A group of academic security researchers remotely hacked and took control of a robot designed to perform telesurgery, according to the MIT Technology Review.
Telesurgery — perhaps better known as remote surgery — is exactly what it sounds like. Simply put, a doctor sits on a computer (fixed with highly specialized software and hardware) somewhere in the world and controls a robot performing surgery in some other part of the world. Perhaps not surprising to anyone who’s ever looked at a surgical bill, human-guided, robot performed surgeries are actually less expensive than human-only operations, particularly when travel is involved.
Therefore, telesurgery offers highly-trained doctors the ability to perform critical surgeries on patients living in parts of the world that lack highly-trained surgeons — without having to travel. This technology opens up an large revenue potential for (relatively) cheap medical procedures all around the world. However, as you may have guessed, certain telesurgery devices and protocols are vulnerable to dangerous electronic attacks.
In this case, the University of Washington researchers, led by cyber-physical interaction expert Tamara Bonaci, targeted the communication technologies necessary to perform telesurgery. The researchers not only found it possible to monitor or disrupt remotely performed surgeries but to completely hijack them as well.

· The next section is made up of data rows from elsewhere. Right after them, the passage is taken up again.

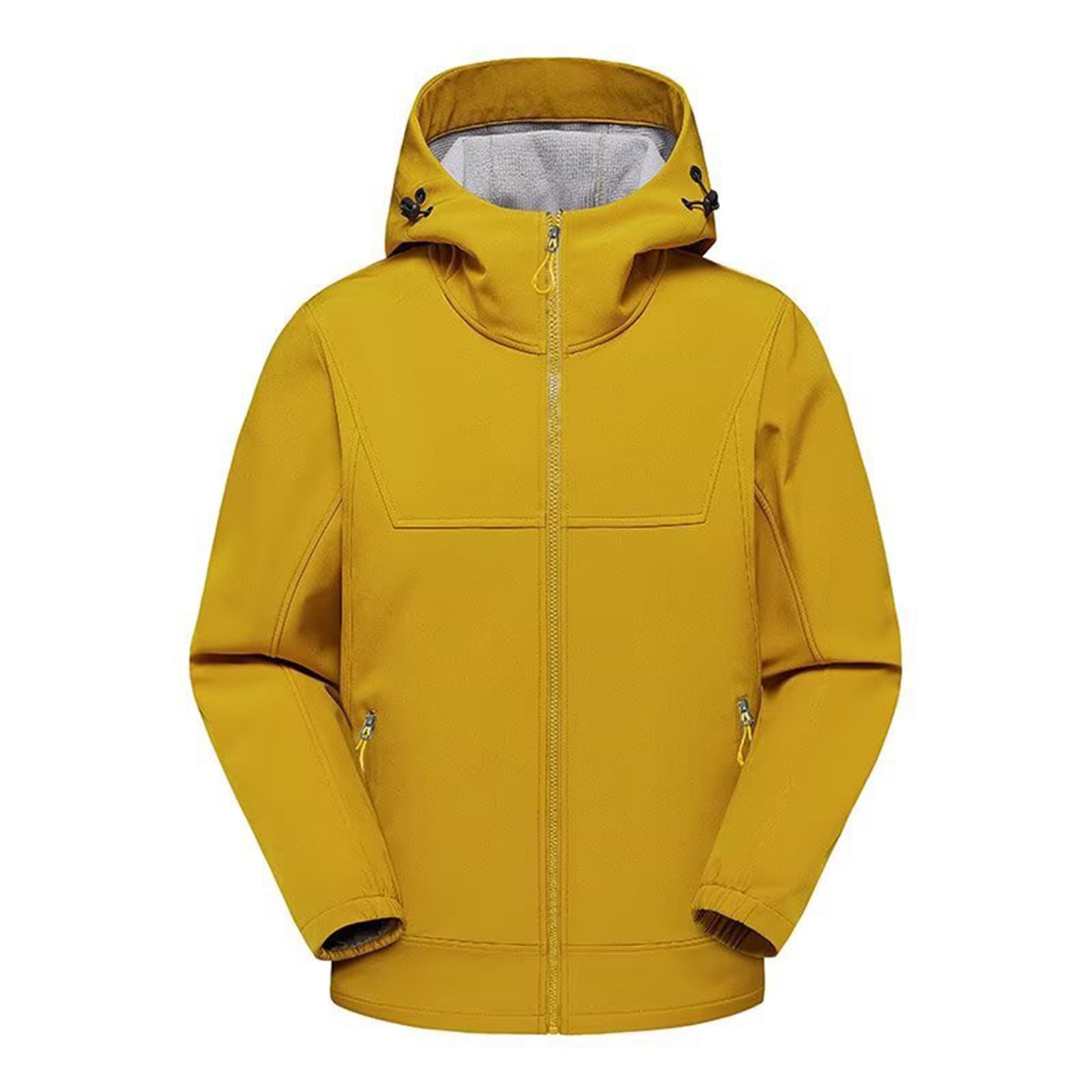 Giacca Antipioggia Da Donna, Softshell Leggera, Antipioggia, Ciclismo Traspirante, Softshell, Impermeabile Elegante E Abbigliamento Donna Trekking Giubbino Antivento Running Con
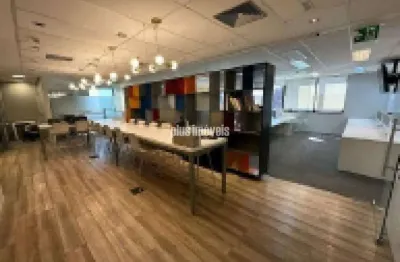 Sala comercial para alugar na Rua Joaquim Floriano, 413, Itaim Bibi, São Paulo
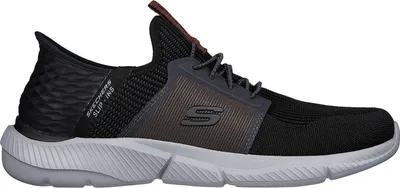 Produktbild von Skechers Ingram Brackett Slip-On Schwarz BKGY Größe EU 48,5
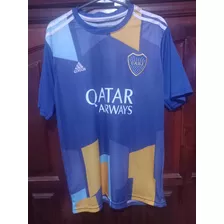 Camiseta De Boca Jrs 2021 Caminito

As the MIT Technology Review notes, early telesurgery was performed via dedicated fiber lines. This tactic is simultaneously secure, assuming all the machines involved are malware free, and wildly expensive. Unfortunately, the monetary benefits of telesurgery all but disappear when there is a direct, dedicated line between surgeon and patient. In order for telesurgery to work well, financially speaking, tele-surgeons have had to experiment with cheaper communication solutions, like the Internet.
Security Experts Hack Teleoperated Surgical Robot http://t.co/WiK6Efh05e
— MIT Tech Review (@techreview) April 24, 2015
To this point there have been no real-world attacks targeting tele-surgical operations, but we all know the Internet is just not that secure. So Bonaci and friends went to work attacking the Raven II surgical robot. On the doctor’s end there’s a mechanical apparatus through which the surgeon can watch and control the robot performing the surgery on the other end. In addition to the video, the advanced console also offers touch-based sensory feedback to the surgeon so he or she can have a real-world feel for the operation.
The largely Linux based system on the doctor’s side and the Robot Operating system on the other communicate over the public Internet using a specially designed protocol called the the Interoperable Telesurgery Protocol.
The researchers told the MIT Technology Review that taking complete control of the telesurgery device was fairly simple because the Interoperable Telesurgery Protocol is completely open and publicly available. Beyond that, the researchers were also able to delay signals to the robotic device or make it act erratically by modifying signals from the surgeon as they were sent over the Internet. In a number of cases, the researchers were able to trigger the robot’s automatic stop safety mechanisms, performing what amounts to a denial of service attack.
Researchers #hack and totally #hijack Raven II remote #surgery system:
Perhaps most surprisingly, video for Raven II’s telesurgery operations were broadcasting publicly over the Internet without encryption, meaning anyone could watch the footage.
In a test case, the researchers built encryption into the telesurgery protocol for commands. It had no material negative impact, financial or performance, on the Raven II’s capacity to perform surgery. However, they say that encrypted video would not be feasible for Raven II systems, as they often attempt to perform surgeries in remote parts of the world with somewhat restricted data networking equipment.
The MIT Technology Review is reporting that the sale of tele-operated medical devices is increasing at a rate of 20 percent per year.